**TASK PROMPT:** Here is a listing. Write it all out again exactly, but not its pictures.

##### DATA

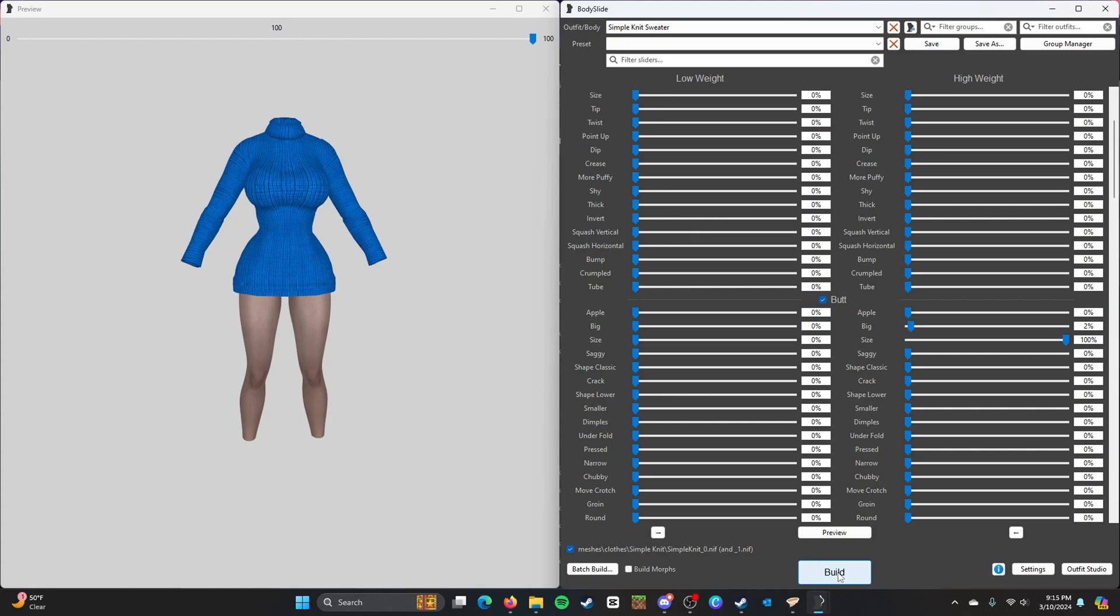Of course you see BodySlide and Outfit Studio, but I can't give you a full on tutorial because I haven't fully explored Outfit Studio yet. But that's going to be in another video. I might be another separate video.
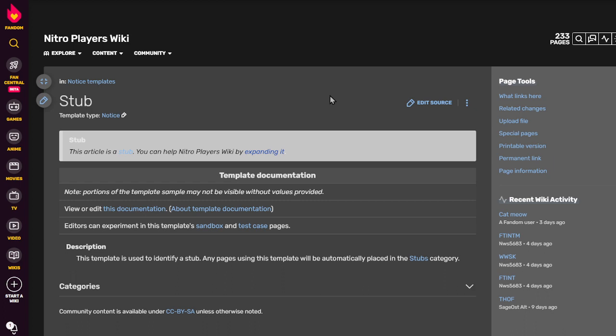Hello, I am Dunedave, and today I am going to show you how to use different colored text on Wikis.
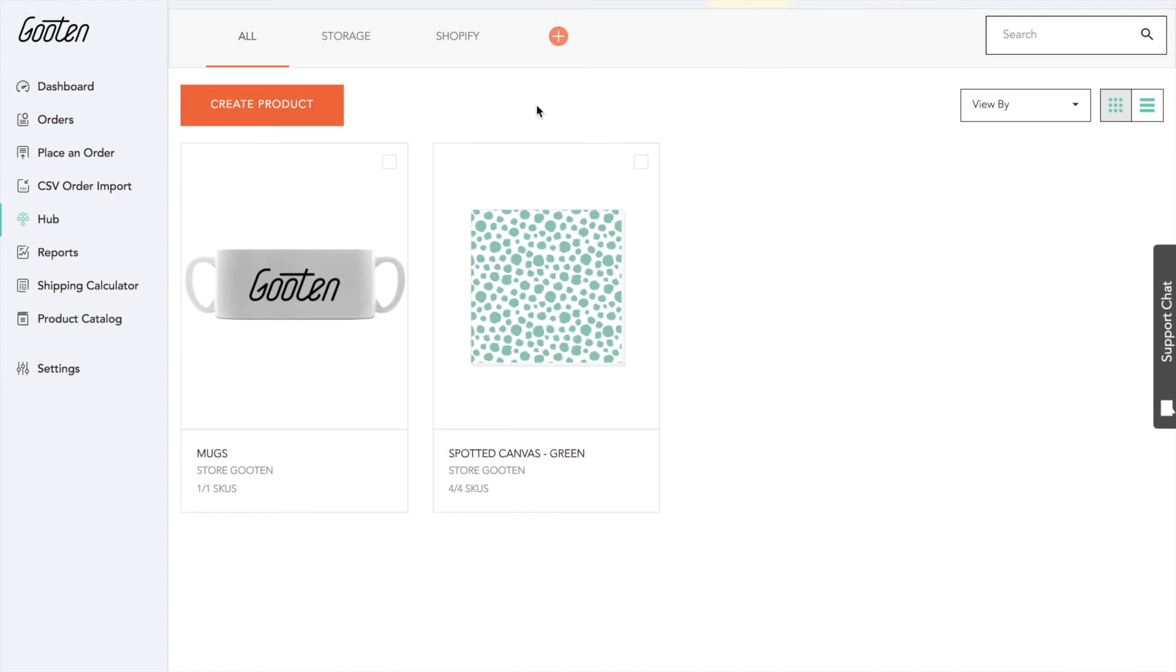Hi, and welcome to today's tutorial on the Guten Hub. We'll be discussing what the Hub is and what each of the parts and functions inside the Hub are.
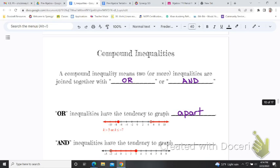If it is an 'and' inequality, you're going to be graphing between the endpoints — they graph in between the two endpoints. For example, x is greater than negative two and x is less than or equal to three, so it's between those two numbers. One part wants to keep going in one direction, but since it's an 'and,' the only part that makes it true is the part of the number line that they share, which is why we graph between them.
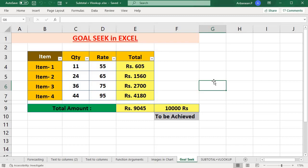Hey guys, I am going to talk to you about Excel 2-Minute Clips. What we're going to talk about in this video is Goal Seek. What is Goal Seek?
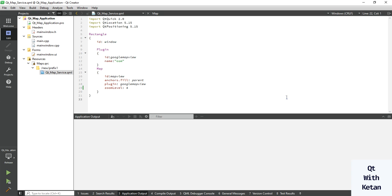But whenever we load our OSM plugins and the map loads when the application starts, there is a default watermark that says API key required. Let's see.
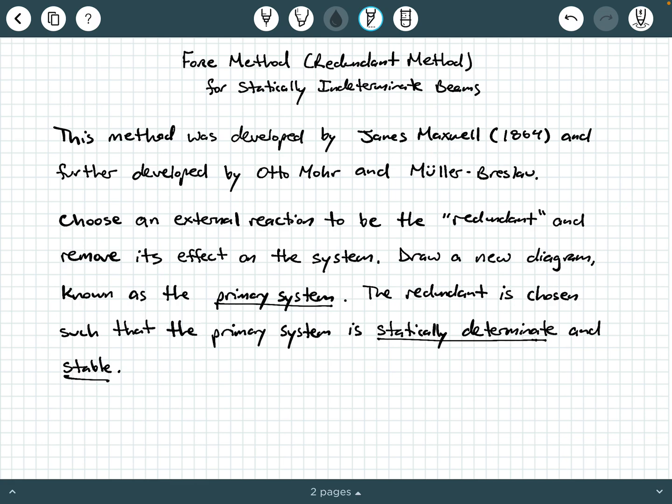This method was first developed by James Maxwell, and then later further developed by Otto Moore and Mueller Breslau. Basically, when you have a statically indeterminate beam, you choose an external reaction to be what's called the redundant, and then we remove its effect on the system. We then create a new diagram called the primary system, which is both statically determinate and stable. We'll approach this introduction assuming a beam that is statically indeterminate to the first degree.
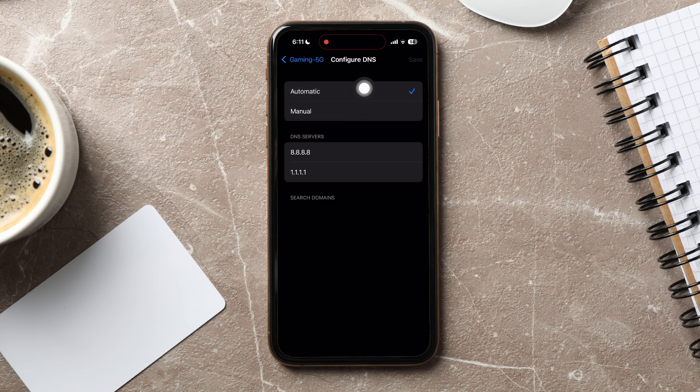The DNS server will now be automatically chosen. Following these steps, you can easily turn off private DNS on iPhone. Please leave a like if this tutorial helped you, or leave a comment below if you have any questions related to the video.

##########

**SOLUTION TO THE EXERCISE:**
Of course you see BodySlide and Outfit Studio, but I can't give you a full on tutorial because I haven't fully explored Outfit Studio yet. But that's going to be in another video. I might be another separate video.
Hello, I am Dunedave, and today I am going to show you how to use different colored text on Wikis.
Hi, and welcome to today's tutorial on the Guten Hub. We'll be discussing what the Hub is and what each of the parts and functions inside the Hub are.
If it is an 'and' inequality, you're going to be graphing between the endpoints — they graph in between the two endpoints. For example, x is greater than negative two and x is less than or equal to three, so it's between those two numbers. One part wants to keep going in one direction, but since it's an 'and,' the only part that makes it true is the part of the number line that they share, which is why we graph between them.
Hey guys, I am going to talk to you about Excel 2-Minute Clips. What we're going to talk about in this video is Goal Seek. What is Goal Seek?
But whenever we load our OSM plugins and the map loads when the application starts, there is a default watermark that says API key required. Let's see.
This method was first developed by James Maxwell, and then later further developed by Otto Moore and Mueller Breslau. Basically, when you have a statically indeterminate beam, you choose an external reaction to be what's called the redundant, and then we remove its effect on the system. We then create a new diagram called the primary system, which is both statically determinate and stable. We'll approach this introduction assuming a beam that is statically indeterminate to the first degree.
The DNS server will now be automatically chosen. Following these steps, you can easily turn off private DNS on iPhone. Please leave a like if this tutorial helped you, or leave a comment below if you have any questions related to the video.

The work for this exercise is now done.